Saturday, January 17, 2009

Using SEC Data, GAO Finds that TARP Recipients Have Subsidiaries in Offshore Tax Havens; Legislation Likely

By James Hamilton, J.D., LL.M.

A new GAO study reveals that an overwhelming majority of the 100 largest U.S. corporations in terms of 2007 revenue reported to the SEC have multiple subsidiaries in offshore tax havens. A number of the companies have received funds under the Emergency Economic Stabilization Act. The report was done at the request of Senators Carl Levin and Byron Dorgan, who have vowed to introduce legislation this year to stop tax haven abuse by companies, financial institutions and hedge funds. Legislation is likely to pass this year given President-elect Obama’s strong pledge to give Treasury the tools it needs to stop the abuse of tax shelters and offshore tax havens.

In the 110th Congress, Senator Levin and then Senator Barack Obama introduced a bill to stop offshore tax haven abuse. The Stop Tax Haven Abuse Act would have allowed U.S. tax and securities law enforcement officials to presume against the validity of transactions involving foreign tax havens identified in the Act. The bill would also have authorized Treasury to take special measures against foreign jurisdictions and financial institutions that impede U.S. tax enforcement.

The bill would also have required hedge funds to know their offshore clients by requiring them to establish anti-money laundering programs under Treasury regulations. The measure would have amended the Securities Exchange Act to impose a penalty for failure to disclose holdings or transactions involving a foreign entity. A companion bill was introduced in the House.

In conducting the study, the GAO used information filed with the SEC to determine where subsidiaries were located. Since the SEC only requires public corporations to report significant subsidiaries, the companies listed in the study could have additional subsidiaries under the SEC radar screen and thus underreported in the study.

While the existence of a subsidiary in a jurisdiction listed as a tax haven does not signify that a corporation established that subsidiary for the purpose of reducing its tax burden, noted the GAO, Treasury takes offshore tax evasion very seriously and has taken strong administrative and regulatory steps to address the problem.
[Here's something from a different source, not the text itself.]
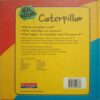 Caterpillar (By Karen Hartley, Chris Macro and Philip Taylor)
GAO was unable to find a universal definition for a tax haven or an agreed-upon list of jurisdictions that should be considered tax havens. However, there is a consensus on the characteristics used to define and identify tax havens, including: no or nominal taxes; lack of effective exchange of tax information with US and other tax authorities; lack of transparency in the operation of legislative, legal, or administrative provisions; no requirement for a substantive local presence; and self-promotion as an offshore financial center.

The GAO used Form 10-K and Exhibit 21, which are included in the SEC’s EDGAR database to determine the locations of corporate subsidiaries based on the latest filings with the SEC. Since the principal executive officers, the principal financial officers, and a majority of the board of directors must sign the form filed with the SEC that includes the subsidiaries, GAO did not take additional steps to verify the accuracy of information found in EDGAR. Also, since the SEC only requires public corporations to report their significant subsidiaries, GAO was only able to identify the subset of corporate subsidiaries meeting the definition of significant subsidiary. The SEC considers a subsidiary to be significant if, among other things, the parent corporation’s and its other subsidiaries’ investments in the subsidiary exceed 10 percent of the consolidated total assets of the parent corporation and its subsidiaries.